As a result, Hla Hla Win began to explore different ways she could contribute to change in the education system. But rather than developing software that would appeal directly to students, she and her team decided to target another group: the teachers.

“We don’t need to worry about kids being curious – it’s the teachers we need to worry about,” Hla Hla Win said. “If the teachers are not introduced to the technology they will shut it down – so we need to make them friendlier to it. But even then, how can we have 300,000 teachers in Myanmar go around the world and see how teachers do things in other countries? It’s physically impossible- but virtual [reality] helps make it possible.”

In partnership with the Mandalay Private Schools Association, in September Hla Hla Win held a virtual reality workshop, where representatives from 128 schools used a test version of a learning program, allowing viewers to experience how classes in Japan and Finland are conducted.

“The teachers were curious and asked me so many questions about why students were sitting where they were and why the classrooms were set up in different ways,” she said. “They even later told me that they had begun using some of the lessons they saw in the foreign classrooms in their own here in Myanmar.”

Ko Min Hein, a member of the 360edVR team, also believes that virtual reality has the potential to become widely accessible for many people in Myanmar.

“Enjoying virtual reality doesn’t take technology that only the rich people have access to,” said Min Hein as he held up a pair of cardboard virtual reality goggles. “With these you can just use a smart phone- and almost everyone in Myanmar has a smart phone. You can reach out to a lot of people, that’s what really hooked me.”

Hla Hla Win said that while the majority of the teachers they have worked with have shown curiosity and enthusiasm for the technology, there have also been some who were sceptical.

“Some older teachers closer to retiring don’t want to bother.
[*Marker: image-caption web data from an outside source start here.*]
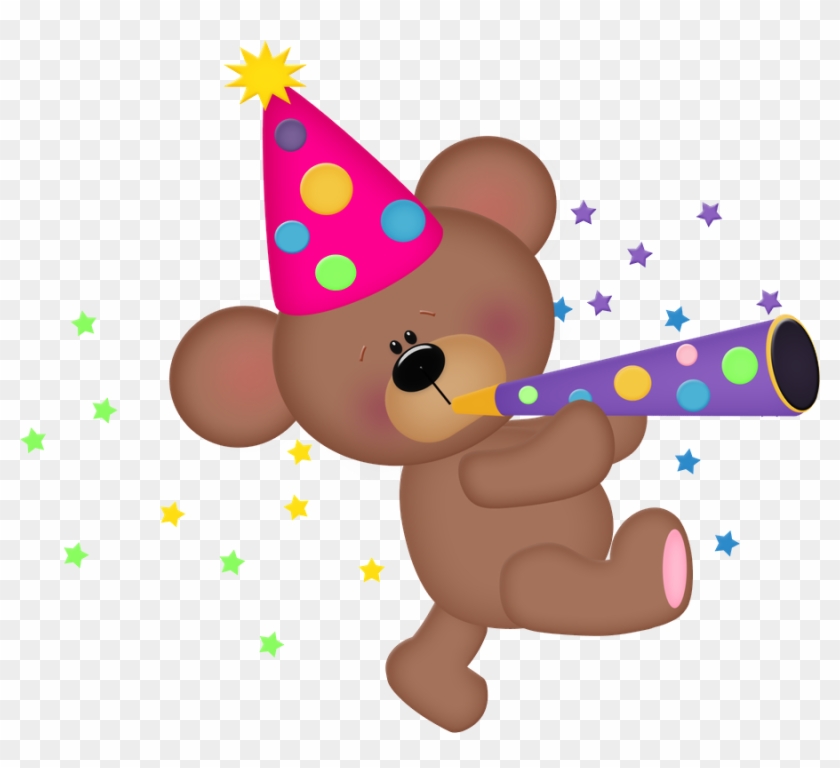 Birthday Clipart, Art Birthday, Birthday Ideas, Bear - Party Bear Clip Art #6748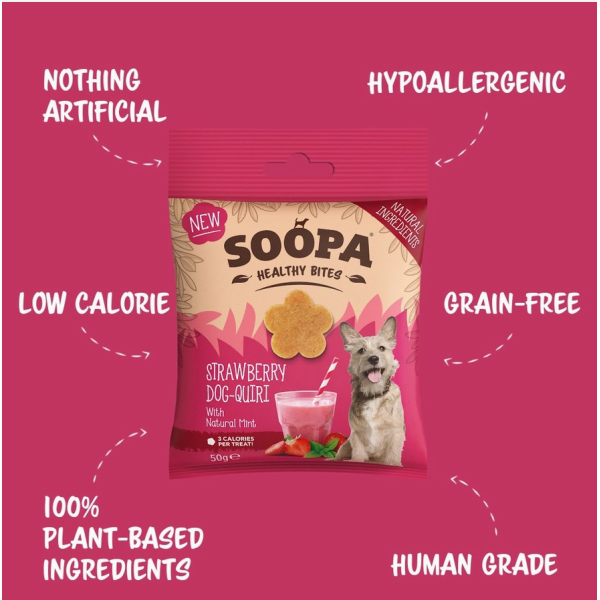 Erdbeer-Hunde-Queri-Bites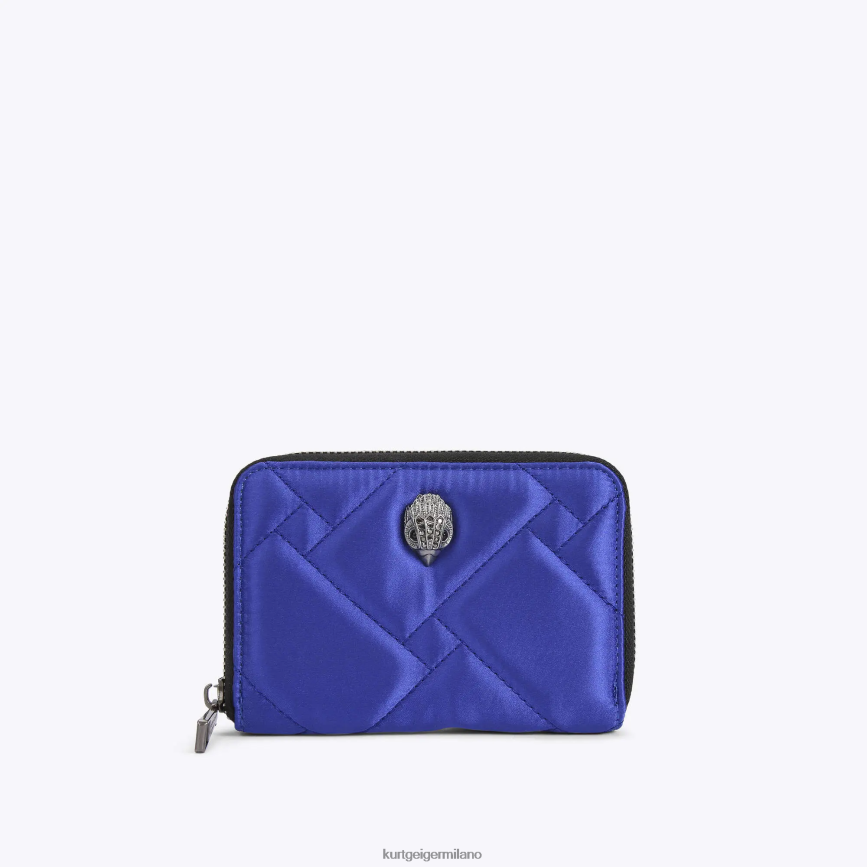 esso Kurt Geiger donne Portafoglio London piccolo con zip in nylon blu 8024FF559 | borse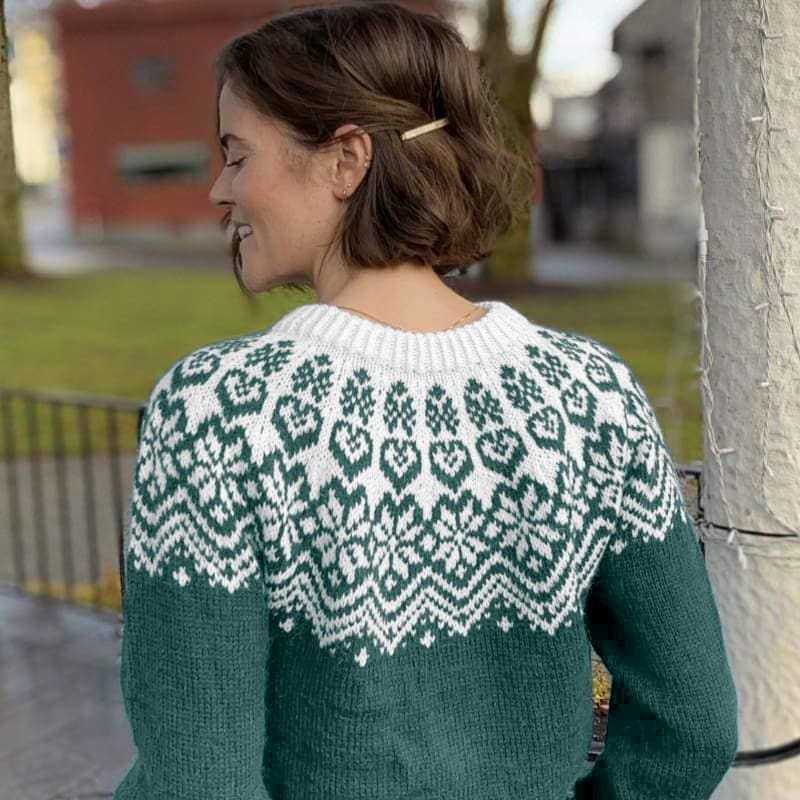 Strikk The Look: Stella-genser blågrønn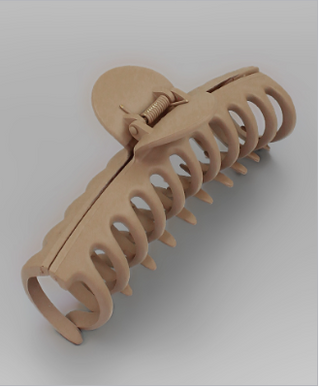 Taupe Jumbo Matte Clip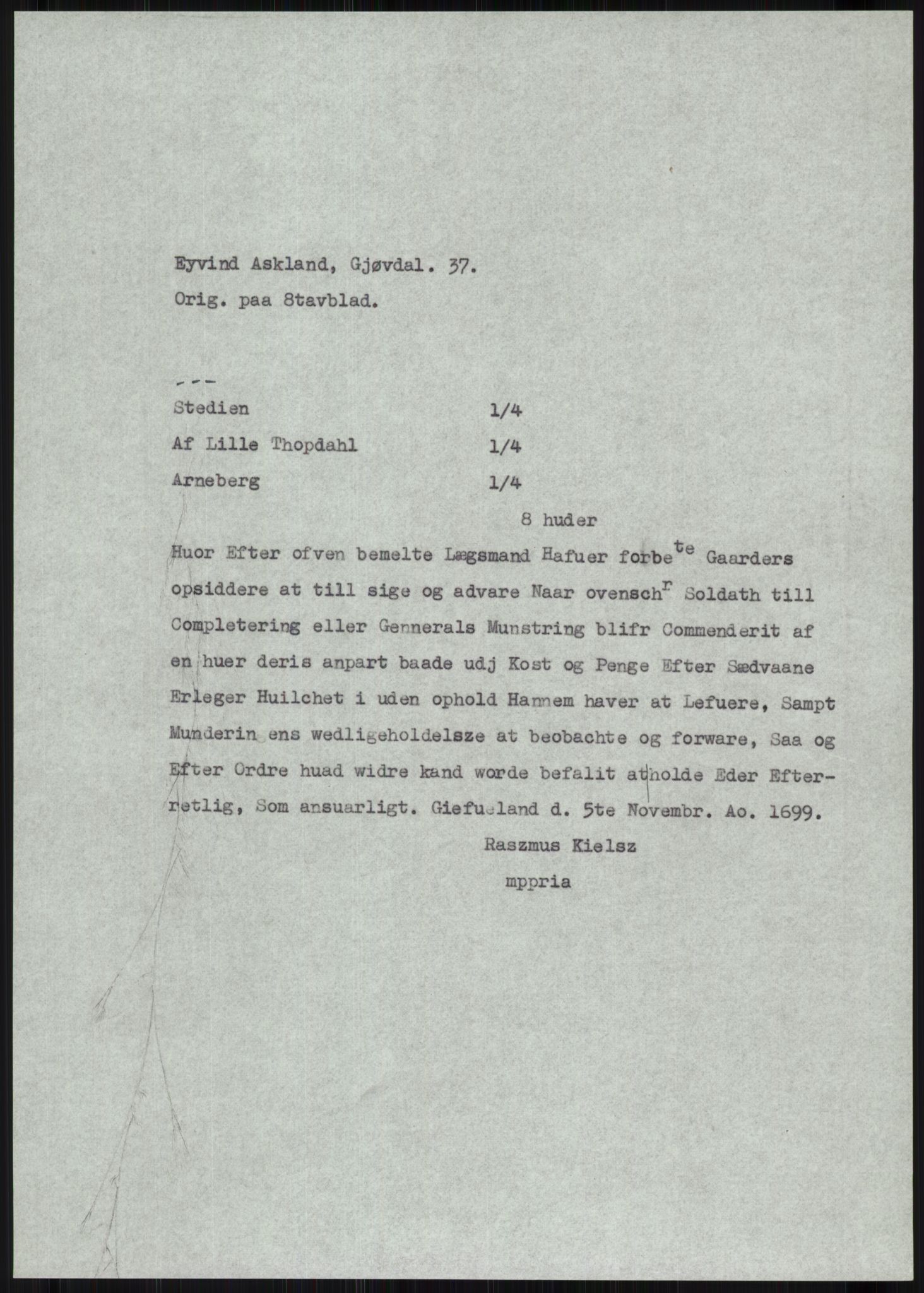 Samlinger til kildeutgivelse, Diplomavskriftsamlingen, AV/RA-EA-4053/H/Ha, p. 188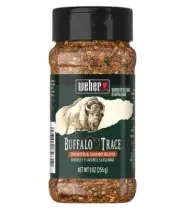 Weber Buffalo Trace Whiskey Flavor Smooth Savory Blend Meat Steak Seasoning 9 Oz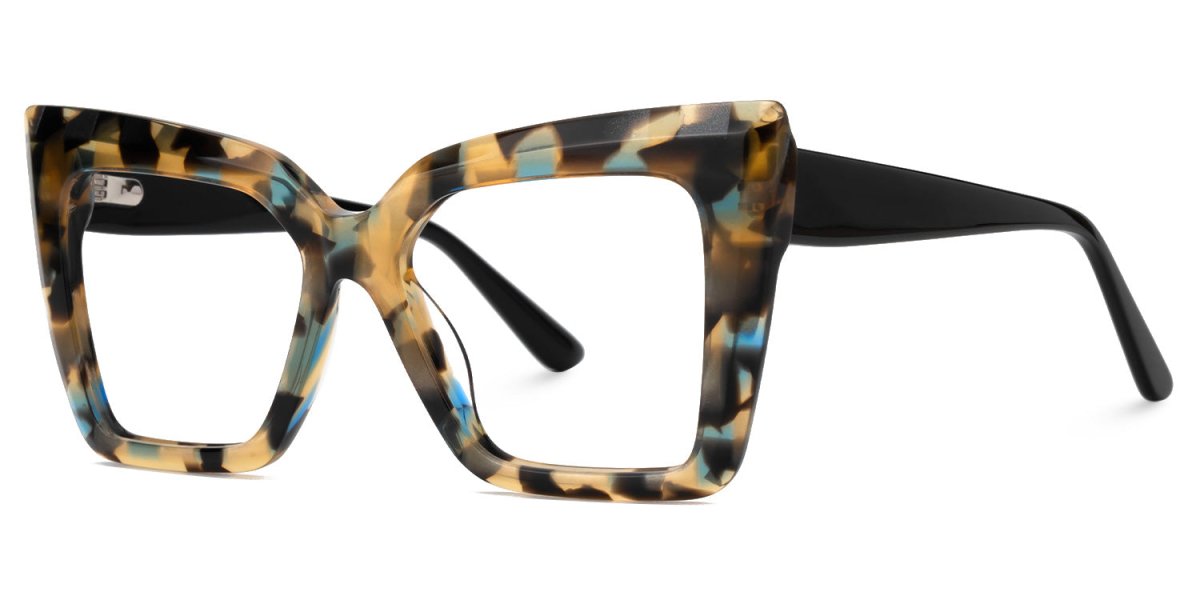 SHITARA - Lente de pasta camuflaje. Lentes carey. Lente ojo de gato. Lentes cuadrados. Lente con filtro luz azul. Lente personalizado. Lentes unisex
They tell me, ‘Leave me alone, I don’t need to learn. I know what I’m doing,’” Hla Hla Win said, “But those aren’t the people we’re going to focus on – we’re aiming for the young and early adapter teachers who are eager to learn.”

Exploring virtual reality possibilities in Myanmar hasn’t come without other challenges as well. Because virtual reality is a new technology many people are not sure how to use it, or sometimes even what it is, said Hla Hla Win.

“We don’t have all the answers,” Hla Hla Win said. “But we’re exploring options and different paths. We’re all new to this, learning it together.”